I must admit that for the first time since the collapse of the Soviet
Union, Russia's army fought well despite the fact that its main
weaponry dates back to the early 1980s. What's more, the army fought
with an extremely outdated communications system and without the use
of drones, night-vision equipment or precision-guided weapons.
The conflict also demonstrated that the military top brass runs the
armed forces the same way they did in the 1970s. Its archaic structure
prevents the military from conducting joint operations between all the
branches of the armed forces under a unified command structure. The
result is that land- and air-based forces operate completely
independent of each other. It is anyone's guess why Tu-22 strategic
bombers were used for reconnaissance purposes or for the strafing of
tactical ground targets. It is also unclear why the Air Force was
unable to foil Georgian anti-aircraft systems using electronic
countermeasures; as a result, Georgia was able to shoot down a few
Russian aircraft. Moreover, military intelligence dropped the ball
when it failed to provide timely reports of Georgian troop deployment.

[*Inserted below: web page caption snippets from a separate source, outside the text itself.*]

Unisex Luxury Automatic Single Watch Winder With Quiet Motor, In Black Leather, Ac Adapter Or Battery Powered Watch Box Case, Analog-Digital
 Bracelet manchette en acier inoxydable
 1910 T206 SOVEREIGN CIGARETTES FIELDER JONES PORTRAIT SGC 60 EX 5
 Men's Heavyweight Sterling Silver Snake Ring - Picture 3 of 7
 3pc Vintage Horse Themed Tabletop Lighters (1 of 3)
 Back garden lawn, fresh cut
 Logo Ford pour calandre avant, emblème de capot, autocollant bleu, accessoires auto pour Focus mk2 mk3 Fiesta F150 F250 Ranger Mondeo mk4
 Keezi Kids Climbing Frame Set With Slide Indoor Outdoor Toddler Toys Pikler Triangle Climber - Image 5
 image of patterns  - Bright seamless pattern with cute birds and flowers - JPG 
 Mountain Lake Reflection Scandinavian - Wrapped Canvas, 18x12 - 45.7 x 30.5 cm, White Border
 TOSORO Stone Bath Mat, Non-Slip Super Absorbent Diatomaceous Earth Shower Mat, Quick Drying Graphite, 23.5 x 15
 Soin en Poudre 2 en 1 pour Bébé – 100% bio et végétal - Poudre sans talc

But at the end of the day, none of these drawbacks stopped Russian
forces from gaining an early decisive victory. And contrary to what is
widely believed, the Russian forces did not have an overwhelming
numerical superiority over the Georgian forces. Rather, Moscow sent a
few units of well-trained and battle-ready volunteers, and they played
a decisive role in the victory since they were deployed into the
battle area without any reorganization or additional mobilization.
Russia began its deployment only 12 hours after Georgia initiated its
first attacks on South Ossetia. That was a good response time,
especially if you compare it to the military's poor performance in the
first and second wars in Chechnya. In the second war, federal forces
finally pulled themselves together and began fighting only 10 days
after insurgent leader Shamil Basayev's army invaded Dagestan.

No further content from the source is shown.